■ **Source data**
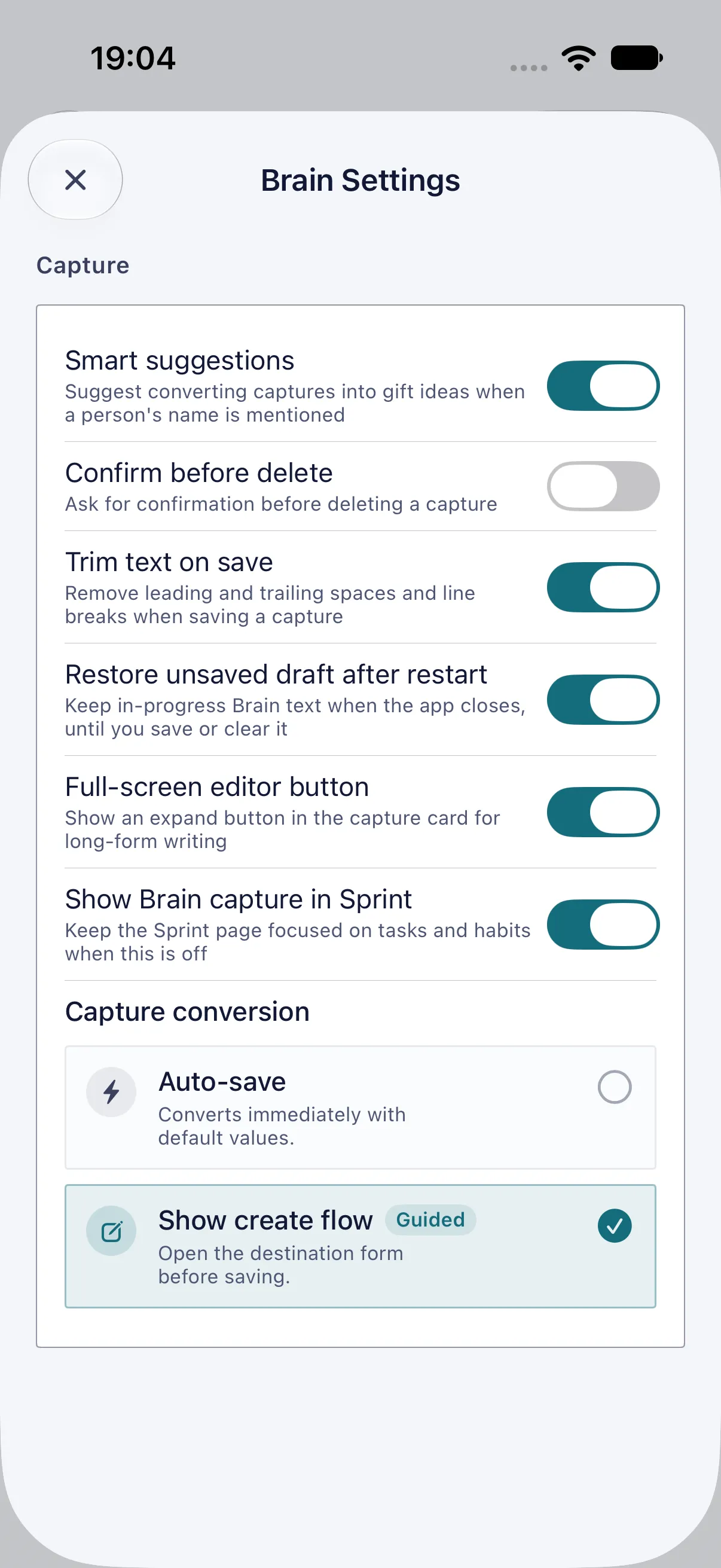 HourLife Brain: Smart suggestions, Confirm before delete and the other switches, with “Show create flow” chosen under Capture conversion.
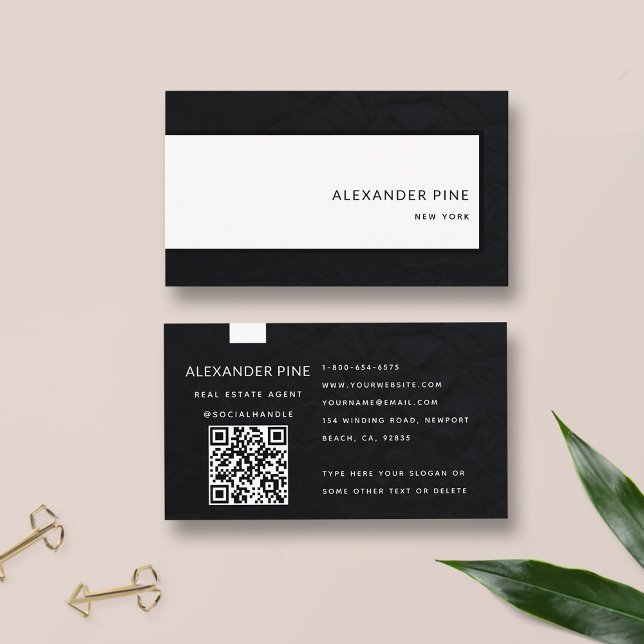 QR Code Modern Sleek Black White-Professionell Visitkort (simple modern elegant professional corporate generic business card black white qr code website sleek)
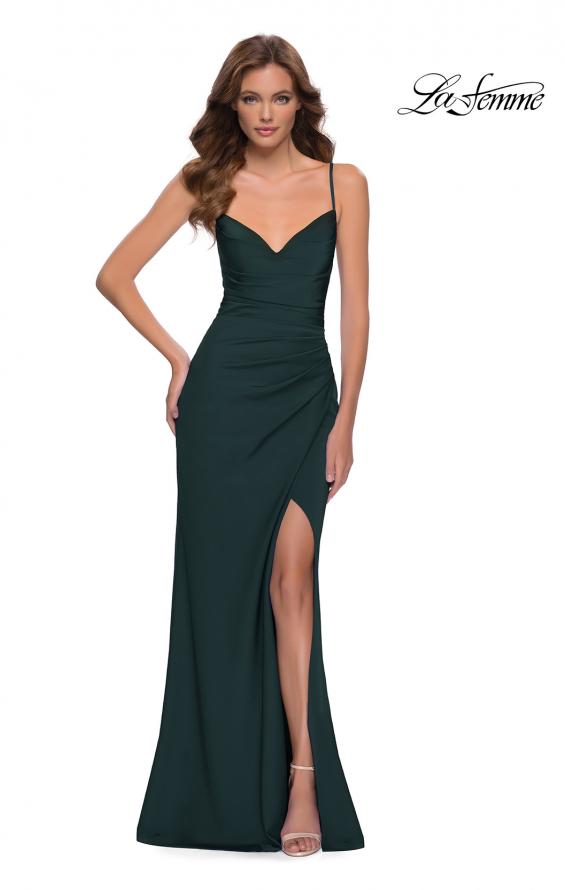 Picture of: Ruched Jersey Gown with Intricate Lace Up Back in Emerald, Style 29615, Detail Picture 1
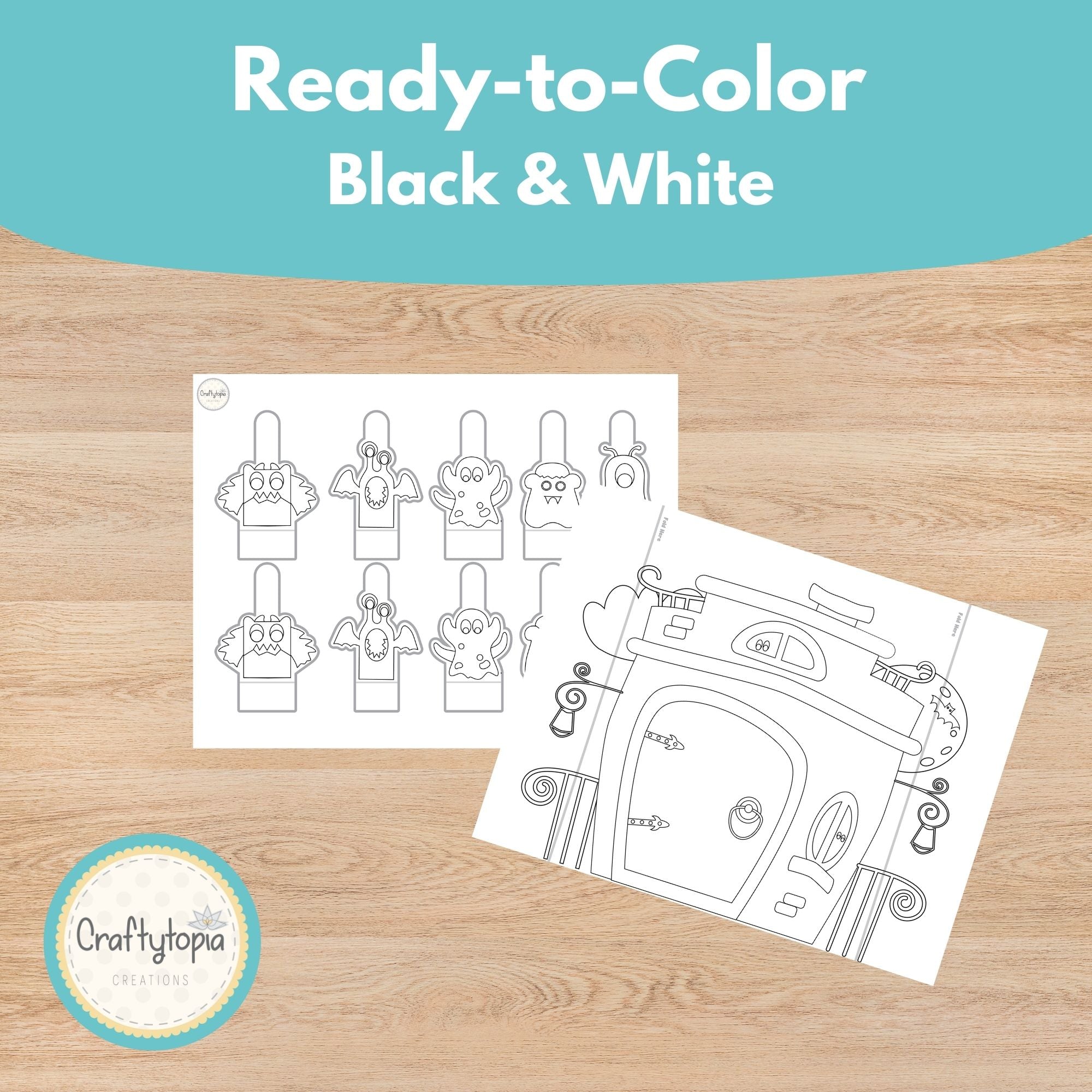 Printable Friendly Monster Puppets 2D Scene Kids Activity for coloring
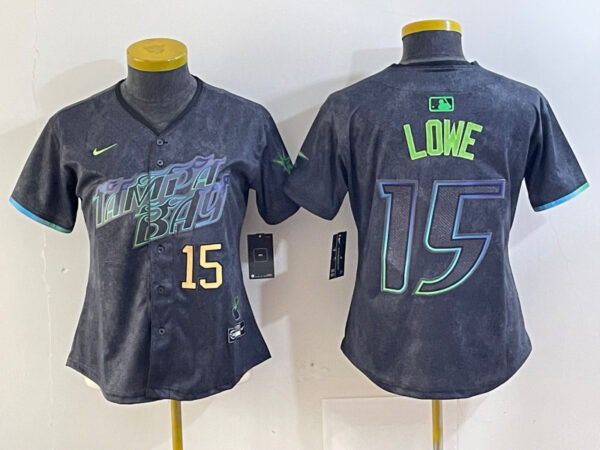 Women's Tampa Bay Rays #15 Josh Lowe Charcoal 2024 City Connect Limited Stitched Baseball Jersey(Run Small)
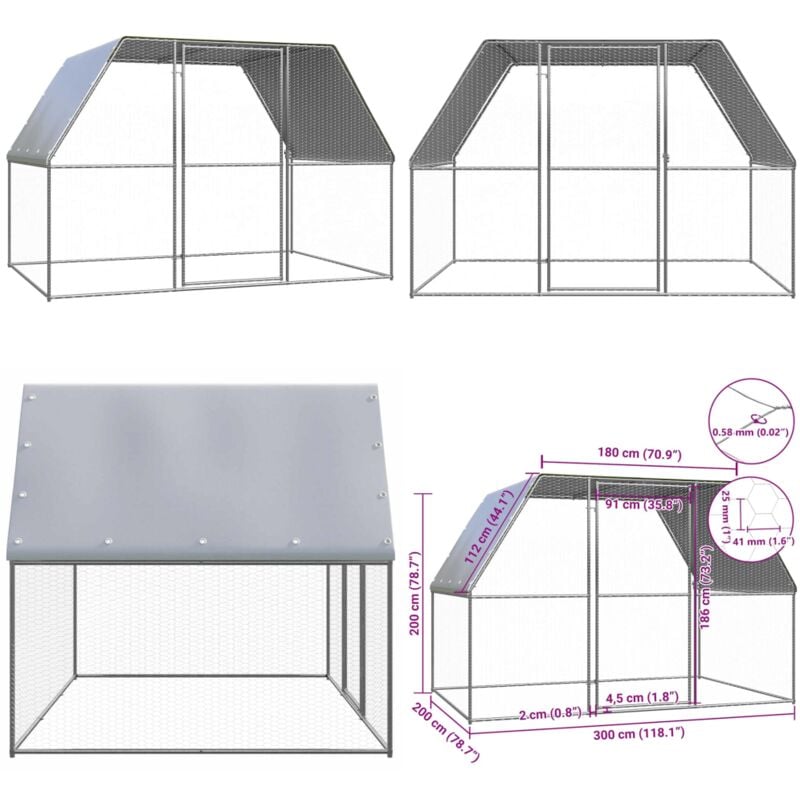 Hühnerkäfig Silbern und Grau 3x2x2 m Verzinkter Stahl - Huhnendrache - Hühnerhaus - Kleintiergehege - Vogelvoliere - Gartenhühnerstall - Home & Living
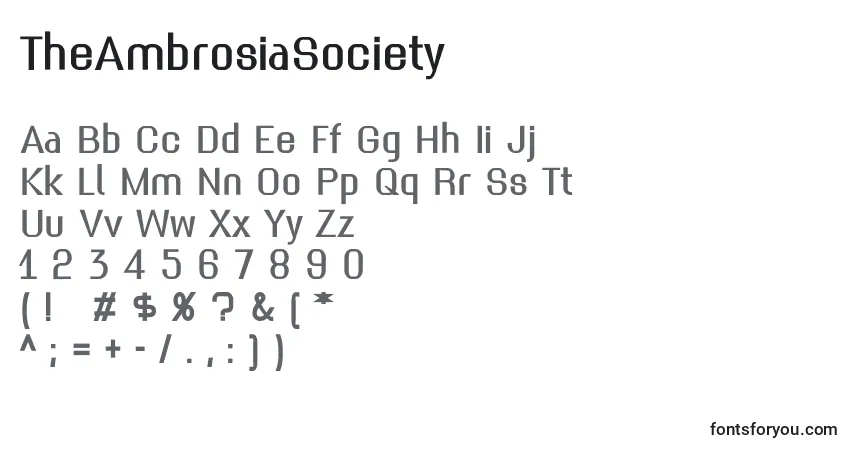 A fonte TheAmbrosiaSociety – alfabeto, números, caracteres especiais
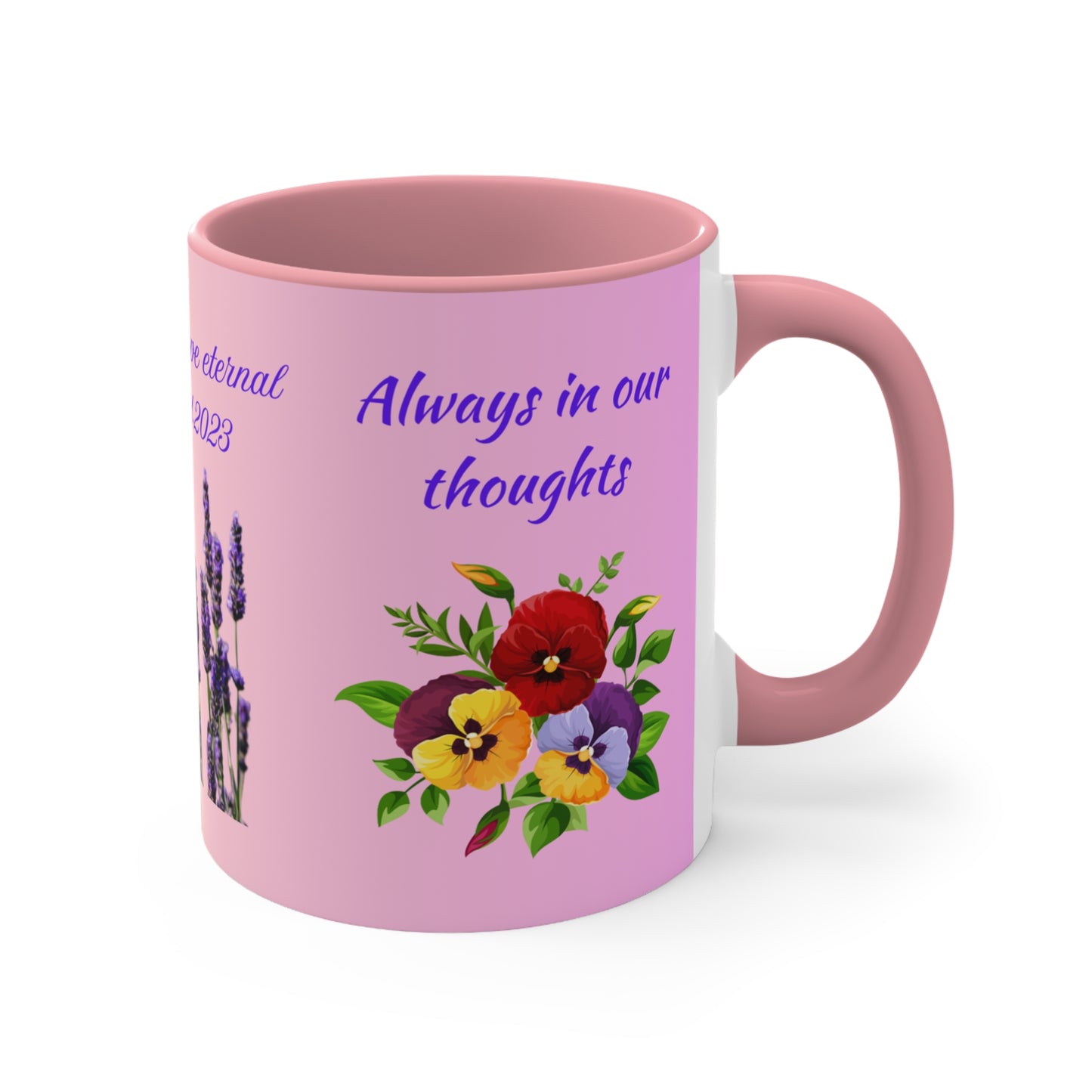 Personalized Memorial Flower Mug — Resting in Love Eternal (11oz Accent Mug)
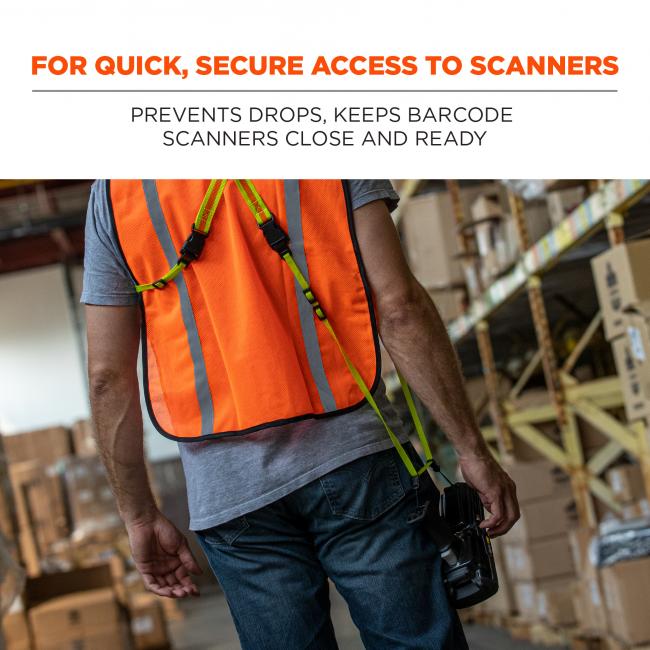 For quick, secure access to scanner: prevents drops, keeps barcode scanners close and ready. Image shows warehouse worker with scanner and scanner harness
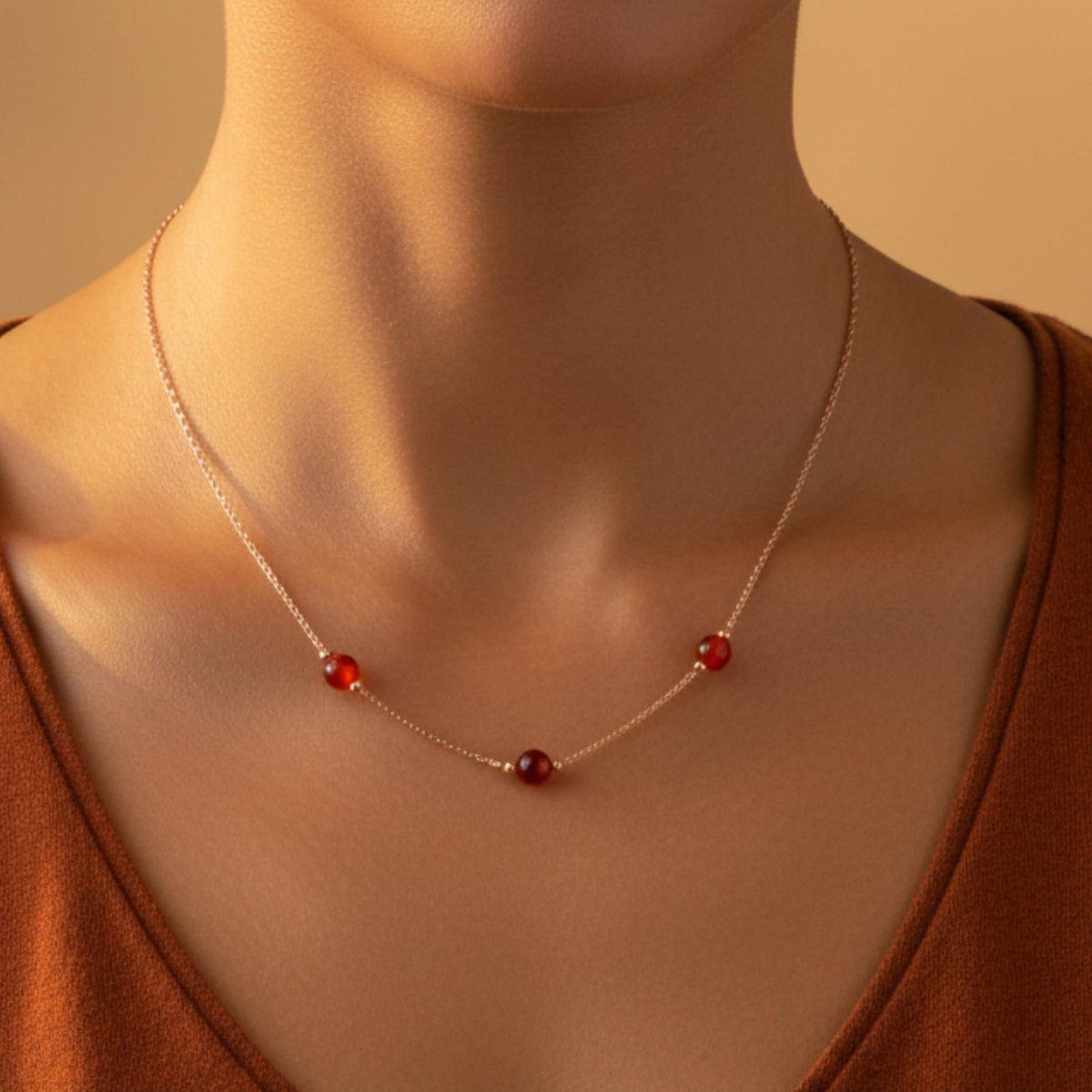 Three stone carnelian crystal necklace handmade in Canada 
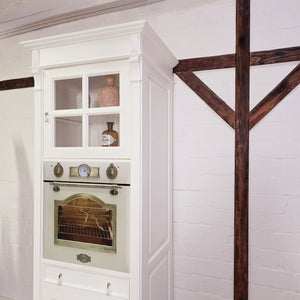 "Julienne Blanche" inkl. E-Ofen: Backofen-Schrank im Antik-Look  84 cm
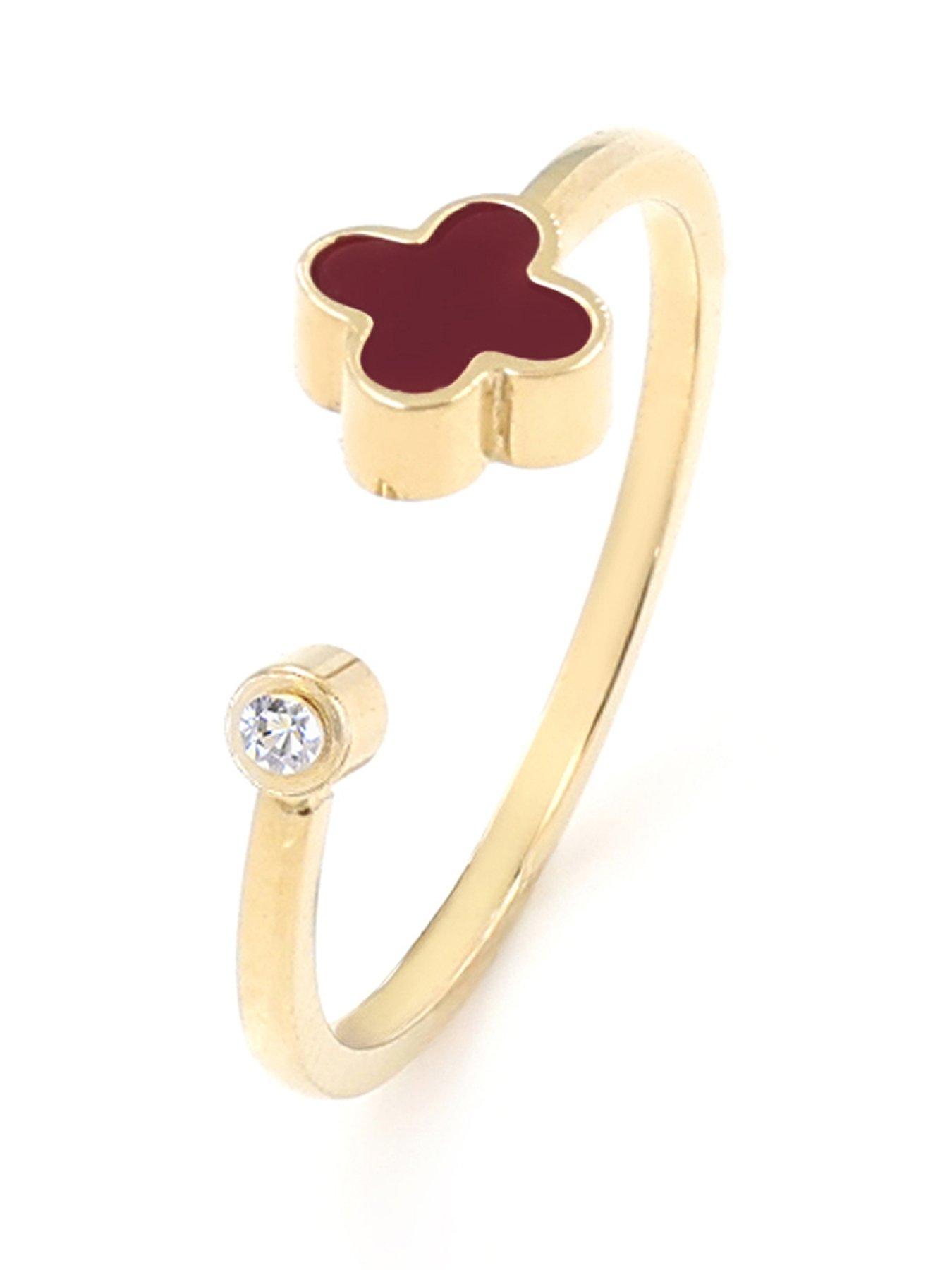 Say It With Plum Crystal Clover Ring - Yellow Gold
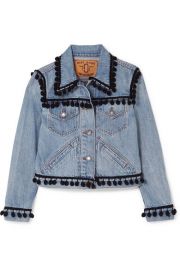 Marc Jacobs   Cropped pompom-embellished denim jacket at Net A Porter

■ **Aim of the task**
Verbatim copy, images excluded: transcribe all the entries above.

■ **Response**
 HourLife Brain: Smart suggestions, Confirm before delete and the other switches, with “Show create flow” chosen under Capture conversion.
 QR Code Modern Sleek Black White-Professionell Visitkort (simple modern elegant professional corporate generic business card black white qr code website sleek)
 Picture of: Ruched Jersey Gown with Intricate Lace Up Back in Emerald, Style 29615, Detail Picture 1
 Printable Friendly Monster Puppets 2D Scene Kids Activity for coloring
 Women's Tampa Bay Rays #15 Josh Lowe Charcoal 2024 City Connect Limited Stitched Baseball Jersey(Run Small)
 Hühnerkäfig Silbern und Grau 3x2x2 m Verzinkter Stahl - Huhnendrache - Hühnerhaus - Kleintiergehege - Vogelvoliere - Gartenhühnerstall - Home & Living
 A fonte TheAmbrosiaSociety – alfabeto, números, caracteres especiais
 Personalized Memorial Flower Mug — Resting in Love Eternal (11oz Accent Mug)
 For quick, secure access to scanner: prevents drops, keeps barcode scanners close and ready. Image shows warehouse worker with scanner and scanner harness
 Three stone carnelian crystal necklace handmade in Canada 
 "Julienne Blanche" inkl. E-Ofen: Backofen-Schrank im Antik-Look  84 cm
 Say It With Plum Crystal Clover Ring - Yellow Gold
 Marc Jacobs   Cropped pompom-embellished denim jacket at Net A Porter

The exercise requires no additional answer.